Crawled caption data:
◆ ◆ ◆ ◆

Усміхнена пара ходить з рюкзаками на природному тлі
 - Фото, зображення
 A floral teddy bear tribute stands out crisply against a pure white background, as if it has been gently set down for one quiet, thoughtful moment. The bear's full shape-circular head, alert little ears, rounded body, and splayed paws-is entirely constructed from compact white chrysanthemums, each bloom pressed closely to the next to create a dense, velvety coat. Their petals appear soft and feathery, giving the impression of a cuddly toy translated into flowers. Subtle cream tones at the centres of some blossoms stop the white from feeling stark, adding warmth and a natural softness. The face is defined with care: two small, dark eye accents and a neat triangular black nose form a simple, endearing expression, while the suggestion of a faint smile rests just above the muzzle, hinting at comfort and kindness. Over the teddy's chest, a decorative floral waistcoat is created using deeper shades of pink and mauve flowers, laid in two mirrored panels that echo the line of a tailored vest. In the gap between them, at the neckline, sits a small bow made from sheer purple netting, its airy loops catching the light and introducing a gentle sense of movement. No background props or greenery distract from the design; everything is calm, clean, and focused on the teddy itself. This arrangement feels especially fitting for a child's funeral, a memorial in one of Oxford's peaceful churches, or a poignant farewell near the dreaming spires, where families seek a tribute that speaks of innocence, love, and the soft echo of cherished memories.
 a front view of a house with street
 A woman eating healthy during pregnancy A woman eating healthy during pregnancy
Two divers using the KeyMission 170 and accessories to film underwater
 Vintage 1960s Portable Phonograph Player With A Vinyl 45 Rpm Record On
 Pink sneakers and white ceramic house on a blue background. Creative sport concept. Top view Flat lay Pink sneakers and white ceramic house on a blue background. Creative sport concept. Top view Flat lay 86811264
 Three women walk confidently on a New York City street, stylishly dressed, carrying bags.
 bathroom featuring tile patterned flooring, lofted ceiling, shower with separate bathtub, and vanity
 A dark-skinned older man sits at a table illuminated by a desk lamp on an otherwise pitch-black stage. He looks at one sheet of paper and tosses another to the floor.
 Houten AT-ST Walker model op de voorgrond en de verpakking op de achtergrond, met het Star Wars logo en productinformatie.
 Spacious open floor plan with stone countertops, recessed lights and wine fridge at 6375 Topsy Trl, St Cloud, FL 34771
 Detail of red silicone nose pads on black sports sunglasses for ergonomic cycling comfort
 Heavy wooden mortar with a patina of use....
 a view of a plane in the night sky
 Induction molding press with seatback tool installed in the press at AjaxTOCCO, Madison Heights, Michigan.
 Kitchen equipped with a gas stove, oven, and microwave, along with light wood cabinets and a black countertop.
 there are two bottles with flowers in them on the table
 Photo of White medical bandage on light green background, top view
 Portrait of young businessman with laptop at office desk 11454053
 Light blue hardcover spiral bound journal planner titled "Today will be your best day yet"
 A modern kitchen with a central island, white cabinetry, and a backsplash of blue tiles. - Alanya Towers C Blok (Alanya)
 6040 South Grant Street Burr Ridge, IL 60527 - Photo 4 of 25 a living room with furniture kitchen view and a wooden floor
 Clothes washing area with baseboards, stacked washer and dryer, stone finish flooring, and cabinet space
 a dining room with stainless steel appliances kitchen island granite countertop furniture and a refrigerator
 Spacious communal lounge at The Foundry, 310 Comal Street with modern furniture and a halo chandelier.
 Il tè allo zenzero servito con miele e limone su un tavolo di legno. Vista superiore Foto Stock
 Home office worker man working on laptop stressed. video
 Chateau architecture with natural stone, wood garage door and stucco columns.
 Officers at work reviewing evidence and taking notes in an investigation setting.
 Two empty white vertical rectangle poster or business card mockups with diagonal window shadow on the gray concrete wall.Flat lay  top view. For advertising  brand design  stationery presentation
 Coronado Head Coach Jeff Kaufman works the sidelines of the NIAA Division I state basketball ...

◆ ◆ ◆ ◆

Work to complete: Nothing but the lines from the one with "Photo of White" through the final line of the data above should be output, exactly as written.

Exercise output:
 Photo of White medical bandage on light green background, top view
 Portrait of young businessman with laptop at office desk 11454053
 Light blue hardcover spiral bound journal planner titled "Today will be your best day yet"
 A modern kitchen with a central island, white cabinetry, and a backsplash of blue tiles. - Alanya Towers C Blok (Alanya)
 6040 South Grant Street Burr Ridge, IL 60527 - Photo 4 of 25 a living room with furniture kitchen view and a wooden floor
 Clothes washing area with baseboards, stacked washer and dryer, stone finish flooring, and cabinet space
 a dining room with stainless steel appliances kitchen island granite countertop furniture and a refrigerator
 Spacious communal lounge at The Foundry, 310 Comal Street with modern furniture and a halo chandelier.
 Il tè allo zenzero servito con miele e limone su un tavolo di legno. Vista superiore Foto Stock
 Home office worker man working on laptop stressed. video
 Chateau architecture with natural stone, wood garage door and stucco columns.
 Officers at work reviewing evidence and taking notes in an investigation setting.
 Two empty white vertical rectangle poster or business card mockups with diagonal window shadow on the gray concrete wall.Flat lay  top view. For advertising  brand design  stationery presentation
 Coronado Head Coach Jeff Kaufman works the sidelines of the NIAA Division I state basketball ...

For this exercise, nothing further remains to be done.